Wenn heute und morgen wieder die Kirchen voll sind,
dann vermutlich nicht mit lauter Menschen, die die Menschwerdung 
Gottes feiern. Überzeugte Christen werden sich darüber freuen, selbst
wenn sie ahnen, das auch überzeugte Nicht-Christen nur an diesem Tag 
das christliche Ritual bereichernd oder sogar erfüllend finden.

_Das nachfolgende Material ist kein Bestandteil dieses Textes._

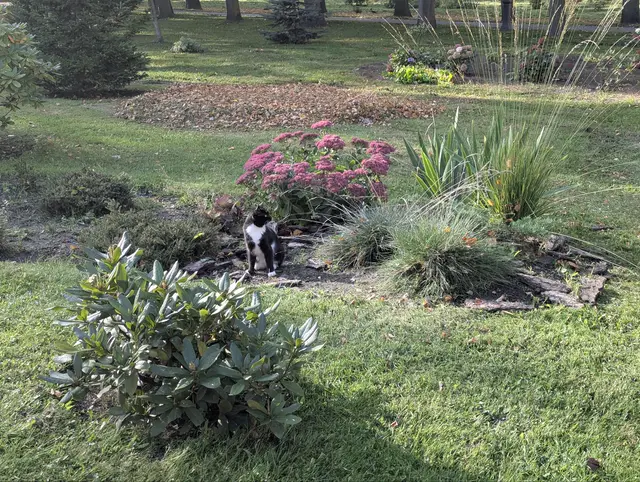 a black and white cat sitting in a flowerbed next to pink sedum, a lawn and leaf piles around it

Es gibt gute, wenngleich sehr weltliche Gründe, heute in die 
Kirche zu gehen. Lange war es draußen dunkel, nun wird es wieder 
heller. Ein Anlass zur Hoffnung, wie die Geburt Jesu. Gerade in den 
vergangenen 20 Jahren ist uns mehr oder weniger abhanden gekommen, 
was Gemeinschaft stiftet. Sozialforscher finden viele Belege für 
diese Individualisierung des Lebens, die prinzipiell, als möglich 
gewordene Selbstverwirklichung, auch ihr Gutes, Fortschrittliches 
hat, wenn auch Schattenseiten. Heiligabend sind die Kneipen voll von 
einsamen Menschen.
Kirche stiftet ein starkes Gemeinschaftserlebnis. Das liegt an 
der Liturgie, auch wenn sie altmodisch anmutet. Positiv gewendet: 
Liturgie heißt, auf die Kirche ist Verlass. Dieser von dicken Mauern 
geschützte Raum liefert in der Heiligen Messe, was gerade zu diesem 
besonderen Tag, pardon, bestellt wurde, nämlich, sich im doppelten 
Sinn aufgehoben zu fühlen; zugleich beschützt und als Teil einer 
sympathischen Hoffnungs-Gemeinschaft. Wenn Christentum die Botschaft 
verkündet, das Leben werde schon irgendwie weitergehen, dann liegt 
darin ein großer Trost. Er wirkt umso mehr, je schlechter die 
Nachrichten sind. Und an denen herrschte gerade im ausklingenden Jahr
nur wenig Mangel.
Es ist ein sehr menschlicher Widerspruch, eine Messe zu besuchen,
ohne sich der Kirche verpflichtet zu fühlen. Es lässt sich aber auch 
die christliche Autorität des katholischen Papstes anerkennen, ohne 
seinen sexualmoralischen oder bioethischen Empfehlungen zu folgen. 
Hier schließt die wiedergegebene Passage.